#### STUDY MATERIAL:
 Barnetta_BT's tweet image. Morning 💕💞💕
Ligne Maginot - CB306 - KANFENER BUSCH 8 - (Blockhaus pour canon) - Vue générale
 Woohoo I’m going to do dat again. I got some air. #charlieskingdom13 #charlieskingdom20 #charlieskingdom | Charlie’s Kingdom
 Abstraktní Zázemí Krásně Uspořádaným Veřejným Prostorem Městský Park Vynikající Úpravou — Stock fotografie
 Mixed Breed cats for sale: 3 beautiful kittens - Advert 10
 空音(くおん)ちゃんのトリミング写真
==
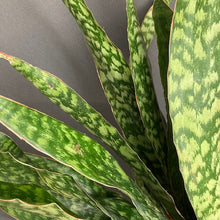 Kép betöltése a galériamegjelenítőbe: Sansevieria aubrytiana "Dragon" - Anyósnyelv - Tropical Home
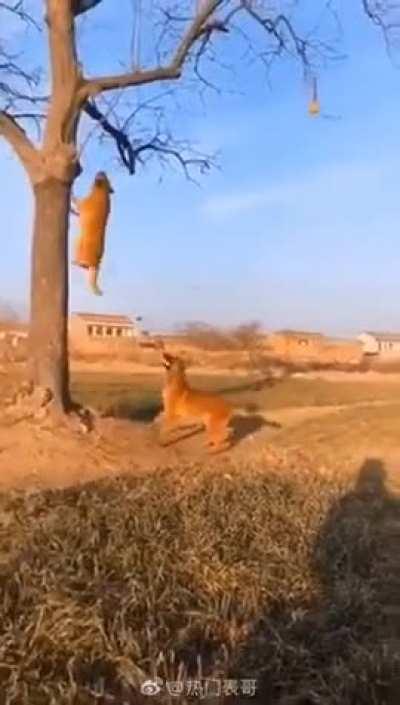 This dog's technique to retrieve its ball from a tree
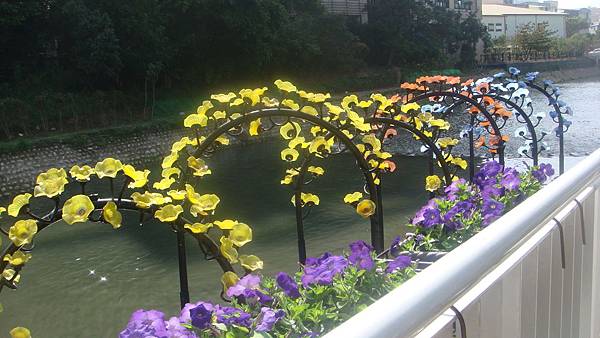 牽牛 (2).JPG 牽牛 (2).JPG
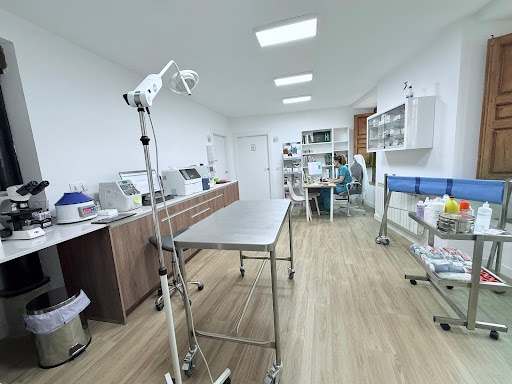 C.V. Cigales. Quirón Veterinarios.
---
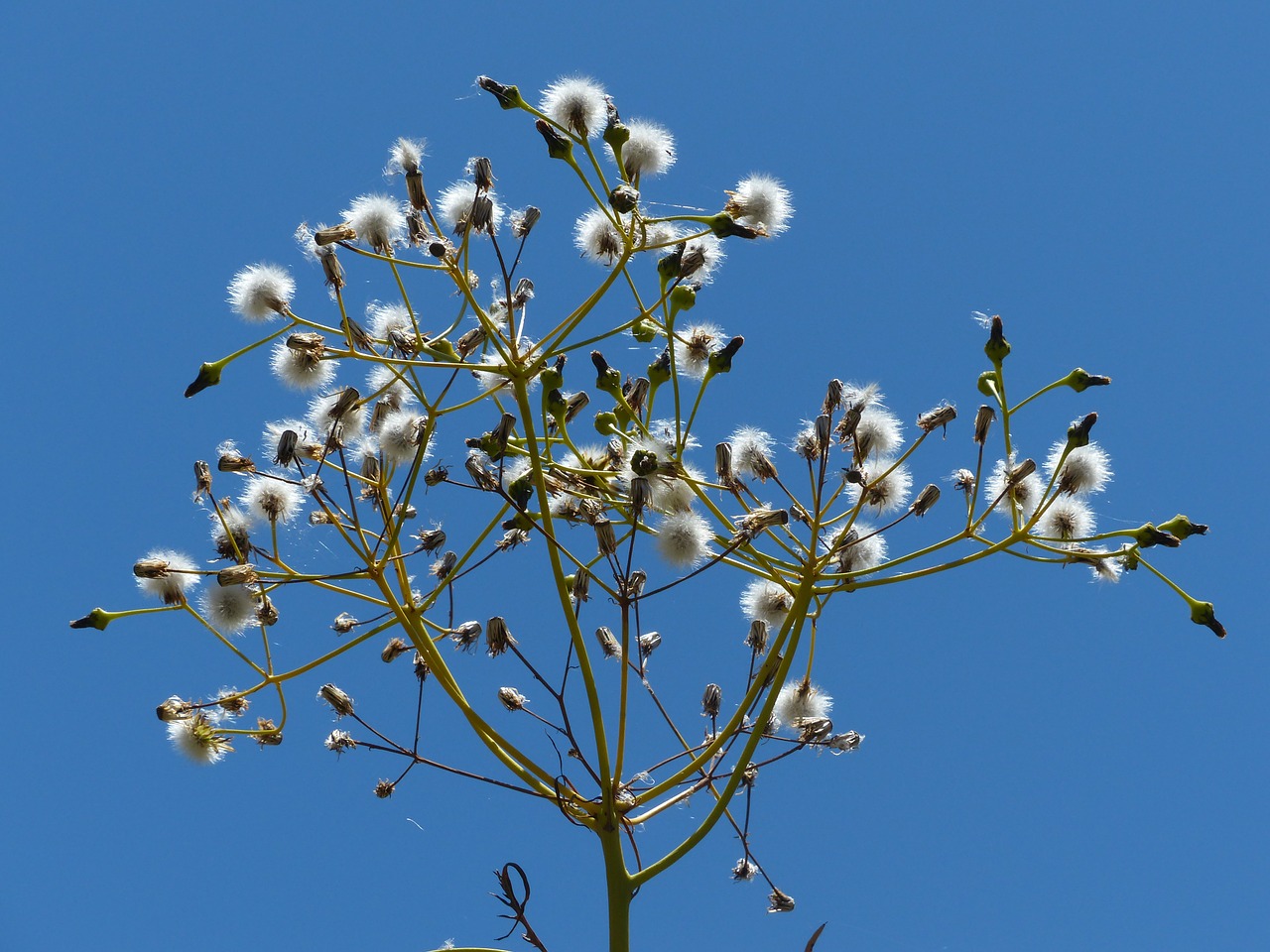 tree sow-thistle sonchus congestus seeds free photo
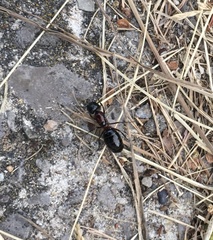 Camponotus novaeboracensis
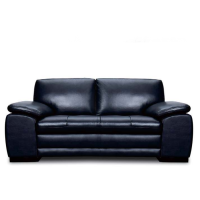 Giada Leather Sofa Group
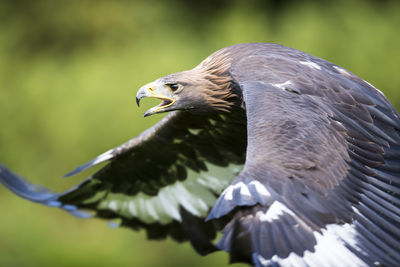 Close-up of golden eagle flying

#### WHAT TO DO:
Above this task is a listing. Restate, word for word and with nothing added, the lines from the one with "Ligne Maginot - CB306" through the one with "空音(くおん)ちゃんのトリミング写真".

#### SOLUTION TO THIS PROBLEM:
Ligne Maginot - CB306 - KANFENER BUSCH 8 - (Blockhaus pour canon) - Vue générale
 Woohoo I’m going to do dat again. I got some air. #charlieskingdom13 #charlieskingdom20 #charlieskingdom | Charlie’s Kingdom
 Abstraktní Zázemí Krásně Uspořádaným Veřejným Prostorem Městský Park Vynikající Úpravou — Stock fotografie
 Mixed Breed cats for sale: 3 beautiful kittens - Advert 10
 空音(くおん)ちゃんのトリミング写真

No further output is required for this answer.